1172
Pewno już była o tym mowa, ale zapytam...
Jak debiutant podpisuje umowę, to jaki maksymalnie procent od egzemplarza może "utargować"?
Tak sobie czasem próbuję przeliczyć, czy przez jaki okres czasu można żyć z pieniędzy zainkasowanych z, dajmy na to, nakładu wynoszącego sześć tysięcy egzemplarzy?


Haha, niegrzecznie podliczać Jacka :P - Weber edit.

[ Dodano: Pon 15 Lut, 2010 ]
Nie podliczam, po prostu dowiedziałem się, że taki jest średni nakład :P

[ Dodano: Pon 15 Lut, 2010 ]
* szczerze mówiąc, myślałem, że te nakłady są większe.
Ostatnio zmieniony pn 15 lut 2010, 20:03 przez SkySlayer, łącznie zmieniany 1 raz.

1177
Pozwolę sobie na to pytanie odpowiedzieć :)

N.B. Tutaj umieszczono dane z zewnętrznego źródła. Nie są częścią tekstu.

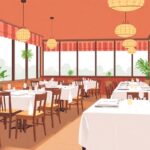 Restoran Terbaik di Marudi, Malaysia untuk Dicuba 5 restoran di marudi malaysia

Otóż tomy I,II,III,IV i V to zbiór opowiadań o Wędrowyczu.
Nie wiem, jak z szóstym ;)

Joe_Edit:
Wierny pytał o przymusowość czytania Wędrowycza po kolei - może chce zacząć od środka.
Ostatnio zmieniony wt 16 lut 2010, 22:11 przez Mateusz Helerczyk, łącznie zmieniany 1 raz.

1178
Mateusz Helerczyk pisze: Takie pytanie - Umiesz język norweski?
zastanów się czy słówa "umieć" i "język" tworzą związek frazeologiczny. ;)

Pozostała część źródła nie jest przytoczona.